Als het aan minister Sander Dekker voor Rechtsbescherming ligt, komen daders van zware misdrijven niet meer vanzelfsprekend vrij na twee derde van hun gevangenisstraf. Ook moet de voorwaardelijke invrijheidstelling pas maximaal twee jaar voor het einde van de straf ingaan.
Dat staat in het wetsvoorstel dat Dekker aan de Tweede Kamer heeft gestuurd. In het voorstel staat ook dat het Openbaar Ministerie per geval bekijkt of een gedetineerde voorwaardelijk vrij kan komen.
Onverteerbaar voor slachtoffers
Daarbij wordt gekeken naar het gedrag van de gedetineerde, belangen van slachtoffers en het gevaar voor de maatschappij.
Dekker noemt het voor 'de samenleving, en voor slachtoffers in het bijzonder, onverteerbaar dat daders vrijwel altijd maar twee derde van de opgelegde straf achter de tralies zitten'.

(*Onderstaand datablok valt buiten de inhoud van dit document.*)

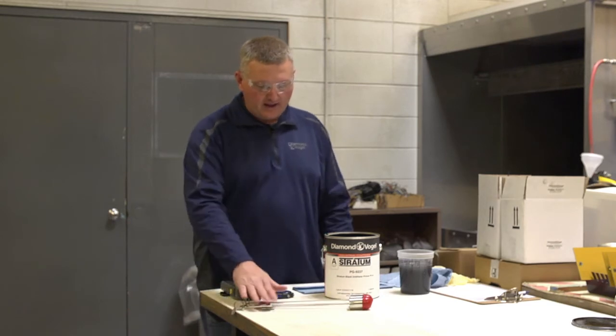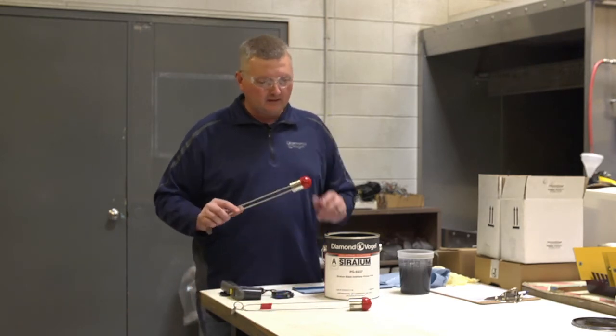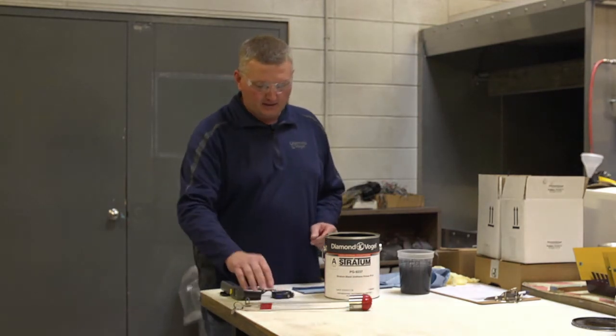These cups that I have are right at eight years old now, so it is possible to keep them clean. You always want to keep a protective end on them so that they don't get damaged.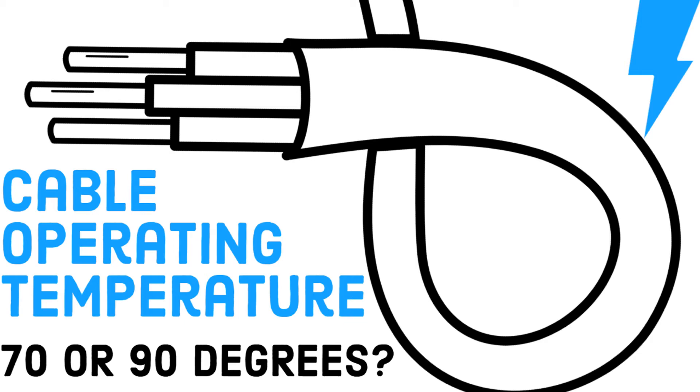Hi everyone and welcome to my channel. In this video I ask the question: which cable operating temperature should I use, 70 or 90 degrees?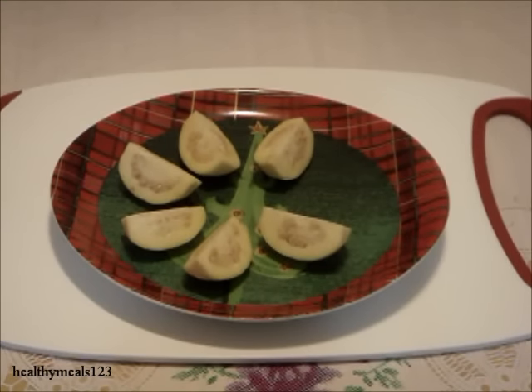Now that you know how to eat a small guava, enjoy one in season. For more new recipes, click subscribe. Thanks for watching.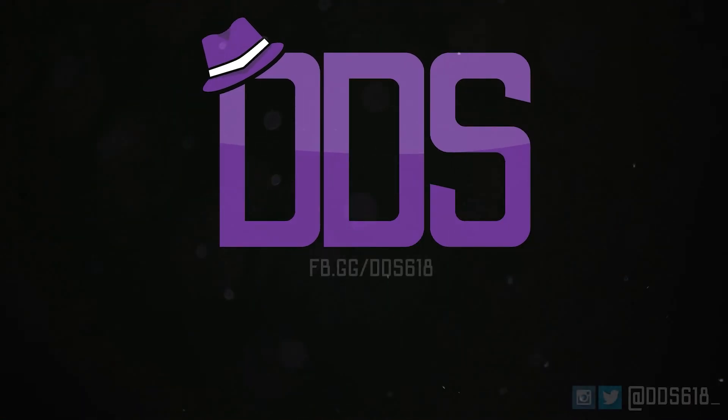Make sure you subscribe to the channel by clicking the subscribe button below. Also you can check me out on Facebook Gaming by clicking the link in the description. Any product that I mention that has an Amazon link may generate income for the channel as I am an Amazon affiliate.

"Daar komt bij dat de zwaarst gestraften op die manier de langste periodes voorwaardelijk vrij zijn. Dit doet onvoldoende recht aan de straf die ze opgelegd hebben gekregen."
Inzet wordt beloond
Van gedetineerden wordt voortaan verwacht dat ze, zodra ze in de gevangenis zitten, proberen 'hun leven weer op de rit te krijgen'.
Zo moet herhaling van crimineel gedrag worden tegengegaan. Inzet wordt beloond, negatief gedrag wordt bestraft. Op grond van goed gedrag wordt ook bepaald of een gedetineerde verlof kan krijgen.